Spatial and Full-Text Indexes
This guide covers inspection and visualization of InnoDB R-tree spatial indexes and full-text search (FTS) auxiliary tables.
Spatial Indexes (R-tree)
Background
InnoDB spatial indexes use R-tree data structures to index geometry columns (POINT, LINESTRING, POLYGON, etc.). R-tree pages have the same basic structure as B+Tree INDEX pages but store Minimum Bounding Rectangles (MBRs) instead of key values.

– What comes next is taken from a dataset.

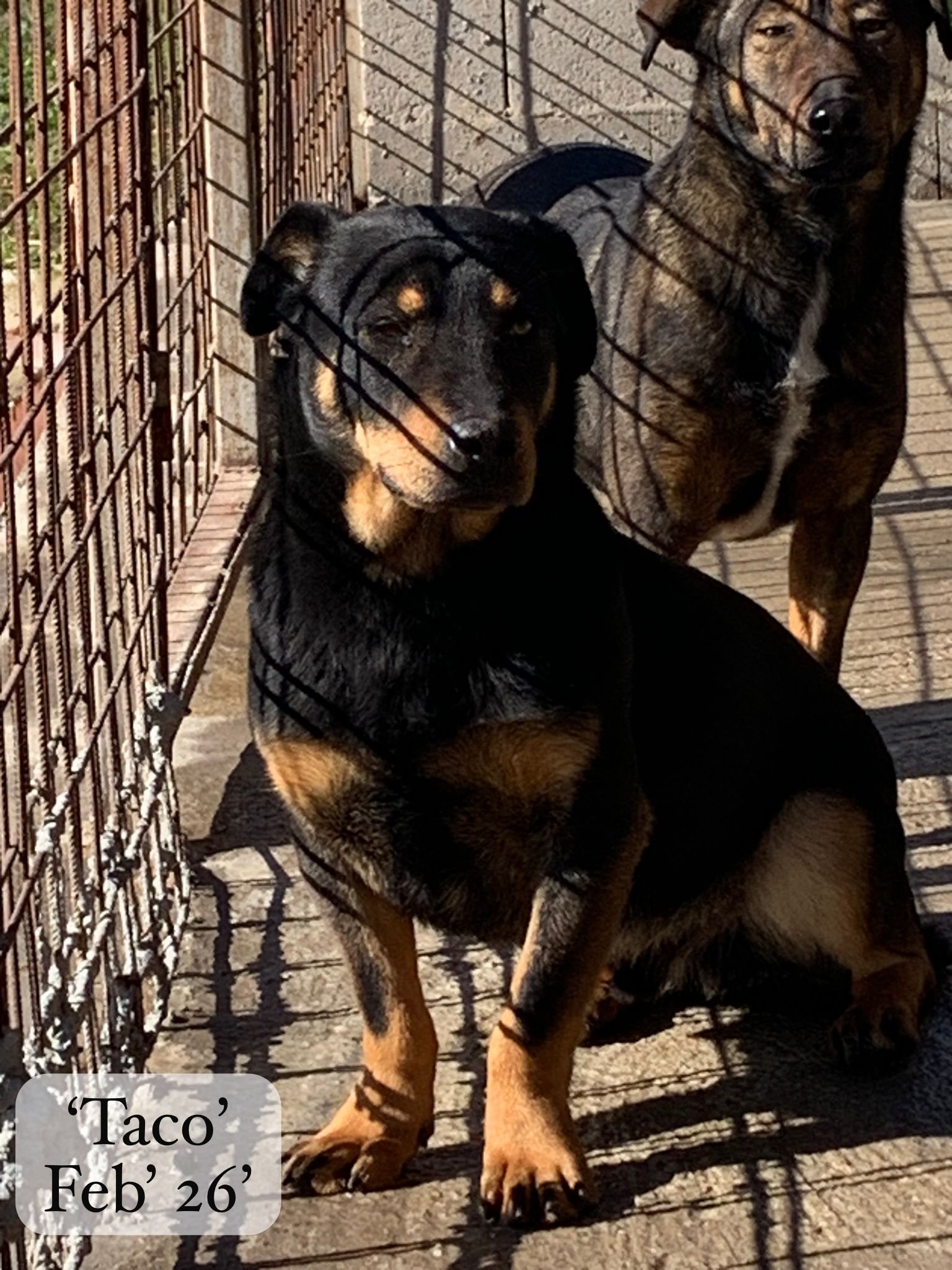 WhatsApp Image 2026-03-06 at 15.14.43 (3).jpeg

Each MBR consists of four 64-bit floats (big-endian):
┌─────────┬─────────┬─────────┬─────────┐
│ min_x │ min_y │ max_x │ max_y │
│ 8 bytes │ 8 bytes │ 8 bytes │ 8 bytes │
└─────────┴─────────┴─────────┴─────────┘
CLI Inspection
R-tree pages appear in inno pages output with additional MBR detail:
# Show all pages including R-tree
inno pages -f spatial_table.ibd
# Focus on a specific R-tree page
inno pages -f spatial_table.ibd -p 4 -v
R-tree page output includes the tree level, record count, and enclosing MBR for the page.
Health Metrics
The inno health subcommand reports spatial index metrics alongside B+Tree indexes:
inno health -f spatial_table.ibd --json | jq '.indexes[] | select(.index_type == "RTREE")'
Web UI Visualization
The web analyzer includes a Spatial tab (keyboard shortcut: S) that provides:
- Summary cards — R-tree page count, tree levels, leaf pages, total MBRs
- Spatial extent — bounding box coordinates covering all MBRs
- Canvas visualization — interactive MBR rectangle rendering with:
- Color-coded rectangles (hue varies by MBR index)

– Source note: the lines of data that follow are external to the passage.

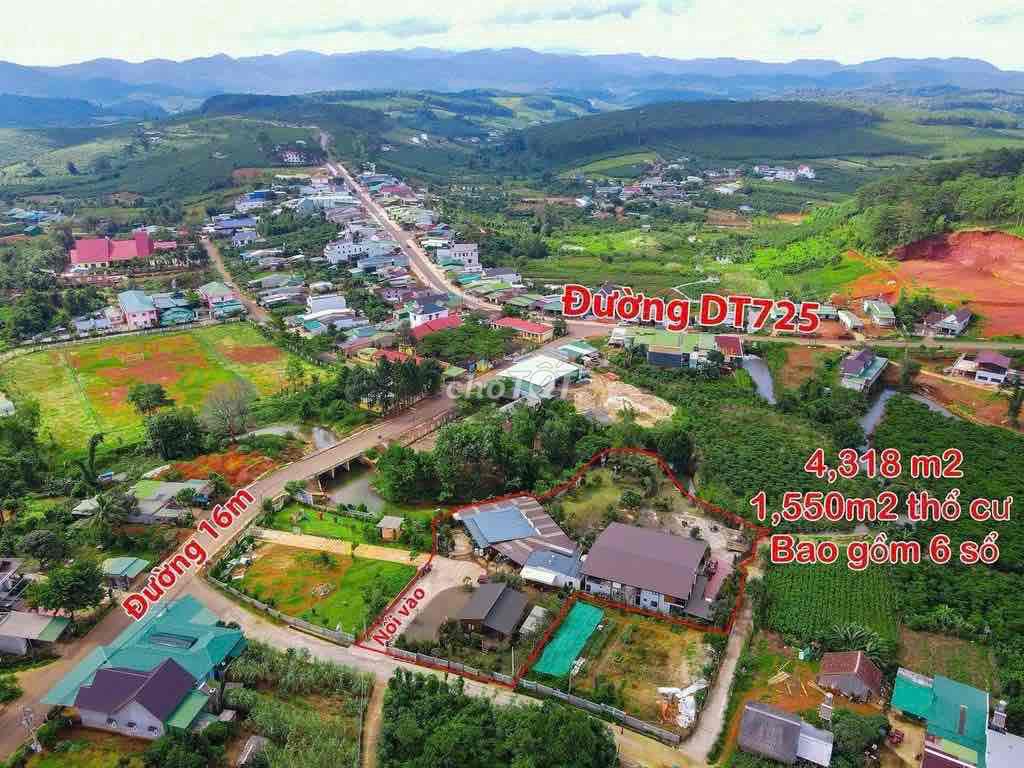 Chủ ngộp Bank cần bán gấp Khu nhà Hàng Homestay Phường Blao ,Bảo Lộc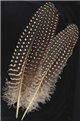 Guinea Hen Wing feather                                                                                                 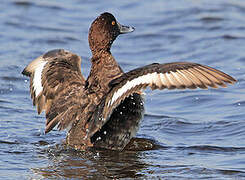 Tufted Duck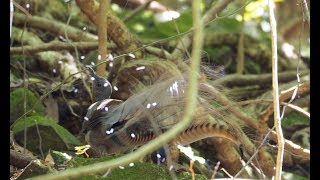 Download lagu Lyrebird goes crazy mimicking mp3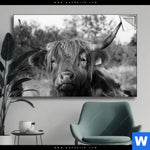 Spannbild Hochlandrind No 2 Querformat Produktvorschau mit dem Bild Hochlandrind No.2 im Format Querformat.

- Coordinate grid with axis labels
- Tree level selector for multi-level indexes
- Page summary table — per-page level, record count, MBR count, and enclosing MBR
Full-Text Indexes (FTS)
Background
InnoDB full-text indexes are implemented using auxiliary tables stored as separate .ibd files in the same schema directory. Each FTS index creates multiple auxiliary files:
| File Pattern | Purpose |
|---|---|
FTS_<table_id>_CONFIG.ibd | FTS configuration and state |
FTS_<table_id>_<index_id>_INDEX_<N>.ibd | Inverted index partitions (0-5) |
FTS_<table_id>_DELETE.ibd | Deleted document IDs |
FTS_<table_id>_BEING_DELETED.ibd | Documents being removed from index |
FTS_<table_id>_DELETE_CACHE.ibd | Cached deletes pending merge |
FTS_<table_id>_BEING_DELETED_CACHE.ibd | Cached being-deleted entries |
Detection
IDB Utils can detect FTS auxiliary files by filename pattern:
# Audit a data directory to identify FTS tables
inno audit -d /var/lib/mysql/mydb --health --json | jq '.files[] | select(.name | startswith("FTS_"))'
FTS File Analysis
Each FTS auxiliary file is a regular InnoDB tablespace and can be inspected with any subcommand:
# Check FTS config table
inno pages -f /var/lib/mysql/mydb/FTS_0000000000000437_CONFIG.ibd
# Verify FTS index partition integrity
inno checksum -f /var/lib/mysql/mydb/FTS_0000000000000437_00000000000004a2_INDEX_1.ibd
# Health of FTS inverted index
inno health -f /var/lib/mysql/mydb/FTS_0000000000000437_00000000000004a2_INDEX_0.ibd
FTS in Health Reports
When running health analysis, FTS auxiliary files are identified and summarized:
inno health -f table.ibd --json
The health report includes an fts_info section when FTS auxiliary tables are detected, showing:
- Table ID and associated index count
- Whether CONFIG and DELETE tables exist
- Index partition coverage (expected: 6 partitions numbered 0-5)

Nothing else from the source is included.